S’il n’y avait que le système solaire, je n’hésiterais pas à préférer la vieille hypothèse de Laplace ; il y a très peu de choses à faire pour la remettre à neuf. Mais la variété des systèmes stellaires nous oblige à élargir nos cadres, de sorte que l’hypothèse de Laplace, si elle ne doit pas être entièrement abandonnée, devrait être modifiée de façon à n’être plus qu’une forme, adaptée spécialement au système solaire, d’une hypothèse plus générale qui conviendrait à l’Univers tout entier et qui nous expliquerait à la fois les destins divers des Étoiles, et comment chacune d’elles s’est fait sa place dans le grand tout.

Or, sur ce point, les données sont insuffisantes et nous avons encore beaucoup à attendre de l’observation.

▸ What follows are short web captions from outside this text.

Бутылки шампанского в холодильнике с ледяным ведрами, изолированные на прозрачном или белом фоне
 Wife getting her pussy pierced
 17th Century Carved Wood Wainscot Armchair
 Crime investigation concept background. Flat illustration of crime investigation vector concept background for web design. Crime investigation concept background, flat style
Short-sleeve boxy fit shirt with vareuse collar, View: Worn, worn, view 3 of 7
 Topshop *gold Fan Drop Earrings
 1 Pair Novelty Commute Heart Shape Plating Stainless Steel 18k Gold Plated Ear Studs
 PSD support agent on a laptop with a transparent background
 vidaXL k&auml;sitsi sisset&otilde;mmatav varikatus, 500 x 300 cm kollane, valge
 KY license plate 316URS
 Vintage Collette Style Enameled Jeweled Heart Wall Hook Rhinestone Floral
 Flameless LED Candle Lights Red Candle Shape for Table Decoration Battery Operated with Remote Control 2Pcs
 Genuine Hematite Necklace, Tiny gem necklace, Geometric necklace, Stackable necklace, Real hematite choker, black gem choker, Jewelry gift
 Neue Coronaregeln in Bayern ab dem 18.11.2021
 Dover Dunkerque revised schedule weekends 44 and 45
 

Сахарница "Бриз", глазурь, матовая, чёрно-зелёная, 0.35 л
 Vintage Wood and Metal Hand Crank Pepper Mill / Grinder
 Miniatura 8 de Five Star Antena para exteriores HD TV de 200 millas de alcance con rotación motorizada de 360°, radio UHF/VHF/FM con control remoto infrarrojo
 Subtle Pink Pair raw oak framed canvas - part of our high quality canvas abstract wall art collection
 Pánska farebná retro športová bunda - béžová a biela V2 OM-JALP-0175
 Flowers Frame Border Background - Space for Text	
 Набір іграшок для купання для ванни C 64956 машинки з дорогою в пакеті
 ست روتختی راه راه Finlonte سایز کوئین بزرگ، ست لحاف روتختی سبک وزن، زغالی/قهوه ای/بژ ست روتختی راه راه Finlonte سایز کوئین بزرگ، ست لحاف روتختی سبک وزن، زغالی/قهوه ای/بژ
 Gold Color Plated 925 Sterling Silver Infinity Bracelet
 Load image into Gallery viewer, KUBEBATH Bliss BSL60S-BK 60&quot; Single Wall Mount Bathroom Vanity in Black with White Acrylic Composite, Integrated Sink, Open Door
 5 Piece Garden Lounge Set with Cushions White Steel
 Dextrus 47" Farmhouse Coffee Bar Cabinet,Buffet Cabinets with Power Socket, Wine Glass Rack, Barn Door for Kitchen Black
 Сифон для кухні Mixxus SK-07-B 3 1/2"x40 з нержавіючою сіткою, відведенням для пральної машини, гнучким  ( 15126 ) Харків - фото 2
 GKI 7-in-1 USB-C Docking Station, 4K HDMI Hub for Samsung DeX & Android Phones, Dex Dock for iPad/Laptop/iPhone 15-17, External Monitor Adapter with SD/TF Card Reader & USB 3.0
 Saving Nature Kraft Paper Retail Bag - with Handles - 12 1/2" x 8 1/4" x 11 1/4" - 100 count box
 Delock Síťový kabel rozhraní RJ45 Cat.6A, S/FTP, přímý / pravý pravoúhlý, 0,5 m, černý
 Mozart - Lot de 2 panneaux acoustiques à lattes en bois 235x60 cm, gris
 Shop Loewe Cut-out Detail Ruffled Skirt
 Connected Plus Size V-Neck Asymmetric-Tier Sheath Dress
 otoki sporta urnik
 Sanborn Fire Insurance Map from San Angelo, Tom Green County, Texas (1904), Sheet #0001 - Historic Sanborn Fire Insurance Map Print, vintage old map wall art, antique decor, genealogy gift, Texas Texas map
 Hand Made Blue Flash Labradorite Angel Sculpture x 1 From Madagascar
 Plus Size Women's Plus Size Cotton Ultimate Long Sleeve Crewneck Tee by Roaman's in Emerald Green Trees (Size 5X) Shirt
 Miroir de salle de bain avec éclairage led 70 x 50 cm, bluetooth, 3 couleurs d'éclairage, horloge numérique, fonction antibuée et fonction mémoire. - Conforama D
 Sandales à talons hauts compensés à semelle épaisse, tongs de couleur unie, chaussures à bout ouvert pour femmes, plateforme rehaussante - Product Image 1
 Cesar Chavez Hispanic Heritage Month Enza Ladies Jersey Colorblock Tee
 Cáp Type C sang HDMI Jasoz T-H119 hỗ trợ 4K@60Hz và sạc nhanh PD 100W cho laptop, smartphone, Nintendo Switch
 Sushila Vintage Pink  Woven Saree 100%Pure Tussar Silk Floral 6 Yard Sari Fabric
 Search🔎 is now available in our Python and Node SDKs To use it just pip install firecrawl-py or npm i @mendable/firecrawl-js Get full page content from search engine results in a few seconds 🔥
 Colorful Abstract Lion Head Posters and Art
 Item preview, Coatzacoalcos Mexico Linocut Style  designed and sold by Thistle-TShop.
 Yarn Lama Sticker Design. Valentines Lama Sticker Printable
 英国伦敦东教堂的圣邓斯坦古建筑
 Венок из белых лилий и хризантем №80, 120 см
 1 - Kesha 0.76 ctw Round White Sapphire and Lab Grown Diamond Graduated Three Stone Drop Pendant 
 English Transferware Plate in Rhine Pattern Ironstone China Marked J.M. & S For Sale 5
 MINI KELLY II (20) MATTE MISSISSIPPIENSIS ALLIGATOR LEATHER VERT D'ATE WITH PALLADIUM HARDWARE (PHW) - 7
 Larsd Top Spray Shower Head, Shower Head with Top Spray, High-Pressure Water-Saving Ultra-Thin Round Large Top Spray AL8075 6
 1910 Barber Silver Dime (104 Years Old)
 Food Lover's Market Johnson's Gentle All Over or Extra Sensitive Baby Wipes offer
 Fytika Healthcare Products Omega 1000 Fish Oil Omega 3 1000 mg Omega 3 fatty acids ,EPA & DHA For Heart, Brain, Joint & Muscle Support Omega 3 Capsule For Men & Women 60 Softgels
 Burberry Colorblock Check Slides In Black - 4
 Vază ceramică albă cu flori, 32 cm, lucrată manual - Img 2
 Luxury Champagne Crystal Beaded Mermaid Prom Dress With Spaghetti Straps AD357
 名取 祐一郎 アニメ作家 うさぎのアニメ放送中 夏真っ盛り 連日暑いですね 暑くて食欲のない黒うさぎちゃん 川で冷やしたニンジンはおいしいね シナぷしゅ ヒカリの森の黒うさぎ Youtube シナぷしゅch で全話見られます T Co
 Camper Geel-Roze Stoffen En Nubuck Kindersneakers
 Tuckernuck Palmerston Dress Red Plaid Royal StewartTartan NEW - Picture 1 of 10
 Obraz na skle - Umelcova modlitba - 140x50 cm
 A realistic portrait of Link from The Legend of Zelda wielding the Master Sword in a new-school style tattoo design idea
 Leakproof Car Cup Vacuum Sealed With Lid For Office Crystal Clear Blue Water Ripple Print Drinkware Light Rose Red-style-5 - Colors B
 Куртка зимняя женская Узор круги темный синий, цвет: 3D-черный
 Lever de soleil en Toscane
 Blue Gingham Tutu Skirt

Les deux courants d’étoiles de Kapteyn existent-ils et y en a-t-il d’autres ? Que sont les nébuleuses et en particulier les nébuleuses spirales ? Sont-elles à des distances énormes, en dehors de la Voie Lactée, et sont-elles elles-mêmes des voies lactées vues de loin ? Ou bien, malgré la nature de leur spectre, sont-elles incapables d’être assimilées à des amas de vraies étoiles ; devons-nous accepter la mesure de Bohlin au sujet de la parallaxe de la nébuleuse d’Andromède et la conclusion que See en tire, et qui nous représenterait cet objet céleste comme formé de soleils sans doute, mais de soleils gros comme les astéroïdes qui circulent entre Mars et Jupiter ? Est-il possible d’admettre que notre système solaire soit sorti d’une des espèces de nébuleuses que nous connaissons, par exemple des nébuleuses spirales, ou planétaires, ou annulaires ? Voilà une question à laquelle on ne pourra tenter de répondre que quand on connaîtra mieux la nature, la distance et par conséquent les dimensions de ces corps.

Un fait qui frappe tout le monde, c’est la forme spirale de certaines nébuleuses ; elle se rencontre beaucoup trop souvent pour qu’on puisse penser qu’elle est due au hasard. On comprend combien est incomplète toute théorie cosmogonique qui en fait abstraction. Or aucune d’elles n’en rend compte d’une manière satisfaisante et l’explication que j’ai donnée moi-même un jour, par manière de passe-temps, ne vaut pas mieux que les autres. Nous ne pouvons donc terminer que par un point d’interrogation.

Henri Poincaré

  1. Il ne faut pas tirer de là un argument contre la théorie de Laplace, l’illustre astronome n’ayant jamais prétendu qu’une nébuleuse devait se transformer en étoile en quelques jours ou en quelques mois.